In 1552 Thomas Cranmer described him as "Mr. Whitehead of Hadley"; and on 25 August suggested him to Cecil as a candidate for the vacant Archbishop of Armagh. Whitehead, however, refused the appointment, and Hugh Goodacre became archbishop.

==In exile==
Soon after Queen Mary's accession Whitehead left for the continent; he was one of the 175 who sailed with Jan Łaski from Gravesend on 17 September 1553. Whitehead was in the smaller vessel which reached Copenhagen on 3 November; there the exiles were taken for Anabaptists, and soon expelled by order of the king on their refusing to subscribe to the Lutheran confession. They then made their way to Rostock, where Whitehead pleaded their cause before the magistrates, whose Lutheran requirements they failed to satisfy, and they were compelled to leave in January. A similar fate befell them at Wismar, Lübeck, and Hamburg, but they found a refuge at Emden in March 1554.

Meanwhile, an attempt was being made to found a church of English exiles at Frankfurt, and on 2 August 1554 an invitation was sent to Whitehead and other exiles at Emden to join it. Whitehead went there on 24 October, and took over the congregation for a time, as John Knox wrote. Whitehead was one of those who wished to retain the use of the English Prayer Book of 1552, and in the debates at Frankfurt he took the side of Richard Cox against Knox. After the expulsion of Knox (26 March 1555) Whitehead was chosen pastor of the congregation. On 20 September he and his colleagues wrote a letter to John Calvin to justify their proceedings against Knox, and repudiating the charge of too rigorous adherence to the prayer-book; their ceremonies, they pleaded, were really very few, and they went on to attack Knox's Admonition as inflammatory. In February 1555–6 Whitehead resigned his pastorate, being succeeded on 1 March by Robert Horne; the cause is said to have been his disappointment at not being made lecturer in divinity in succession to Bartholomew Traheron. He remained, however, at Frankfurt, sharing a house with Richard Alvey, and signing a letter to Heinrich Bullinger on 27 September 1557.

==Under Elizabeth==
On Elizabeth I's accession Whitehead returned to England, preaching before the queen on 15 February 1559, taking part in the Westminster disputation with the Roman Catholic bishops on 3 April, and serving as a visitor of Oxford University, and on the commission for revising the liturgy. He is said by biographers to have had the first refusal of the Archbishopric of Canterbury, and he also declined the Mastership of the Savoy. On 17 September 1561 he wrote to Cecil acknowledging his obligations to him, but refusing the living he offered.
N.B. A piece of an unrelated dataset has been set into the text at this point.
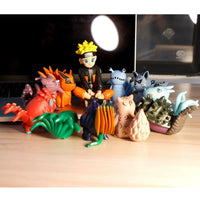 Naruto And Nine Tailed Beasts Mini Figures (Set of 11)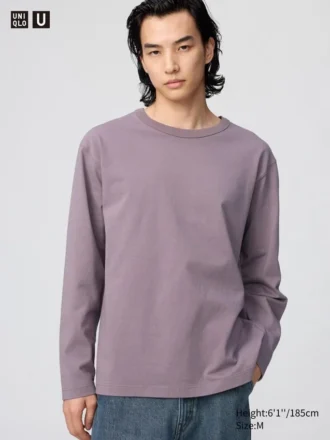 T-shirt unisex in cotone lavato | Maglie a manica lunga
Whitehead, according to John Whitgift, deplored the excesses of some ministers, but his own leanings were Puritan. On 24 March 1564 he was sequestered for refusing to subscribe. Francis Bacon stated that he opposed episcopacy, and related the anecdote that the queen once said to him "I like thee better because thou livest unmarried", to which Whitehead replied "In troth, madame, I like you the worse for the same cause". Richard Hilles, however, in announcing Whitehead's death in June 1571, said that Whitehead had lived about seven years a widower, but married a young widow when about eighty.

==Works==
Whitehead's writings, with the exception of discourses printed in William Whittingham's Brieff Discours of Troubles at Frankfort (1575), have not been traced. Henry Billingsley, who published the first English edition of Euclid's Elements, is thought to have been tutored in mathematics by Whitehead at Oxford; and it has been argued on the basis of an Oxford tradition that Whitehead played a large part in the translation. This story passed from Robert Barnes in Oxford to Thomas Allen; and from Allen to Brian Twyne. In Anthony Wood a version of this story has "Friar Whitehead" the source for Billingsley's work. There is also a tradition that Whitehead was earlier in life an Augustinian friar. In any case the book appeared in 1570, and Whitehead died in 1571. Billingley's first translation of 1568, from Peter Martyr Vermigli, appeared with acknowledgement to Whitehead.